With measured service cloud systems automatically control and
optimize resource use by leveraging a metering capability at some
level of abstraction that is appropriate to the type of service
(e.g., storage, processing, bandwidth, and active user accounts).
Resource usage can be monitored, controlled, and reported providing
transparency for both the provider and consumer of the utilized
service.
[0075] In a SaaS model the capability provided to the consumer is
to use applications of a provider that are running on a cloud
infrastructure. The applications are accessible from various client
devices through a thin client interface such as a web browser
(e.g., web-based e-mail). In the SaaS model, the consumer does not
manage or control the underlying cloud infrastructure (including
networks, servers, operating systems, storage, or even individual
application capabilities), with the possible exception of limited
user-specific application configuration settings.

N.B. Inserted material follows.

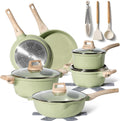 Just Perfecto JL-787: 15 Pieces Granite Cookware Set - Green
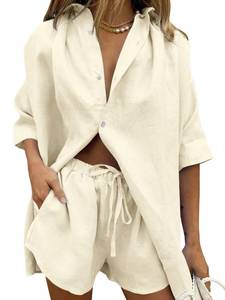 lot 84539 image: Runcati Womens Linen Cotton 2 Piece Outfits Button Down Half Sleeve Shirt&Summer High Waist Drawstring Shorts Set Beige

[0076] In a PaaS model a cloud consumer can deploy consumer-created
or acquired applications (created using programming languages and
tools supported by the provider) onto the cloud infrastructure. In
the PaaS model, the consumer does not manage or control the
underlying cloud infrastructure (including networks, servers,
operating systems, or storage), but has control over deployed
applications and possibly application hosting environment
configurations.
[0077] In an IaaS service model a cloud consumer can provision
processing, storage, networks, and other fundamental computing
resources where the consumer is able to deploy and run arbitrary
software (which can include operating systems and applications). In
the IaaS model, the consumer does not manage or control the
underlying cloud infrastructure but has control over operating
systems, storage, deployed applications, and possibly limited
control of select networking components (e.g., host firewalls).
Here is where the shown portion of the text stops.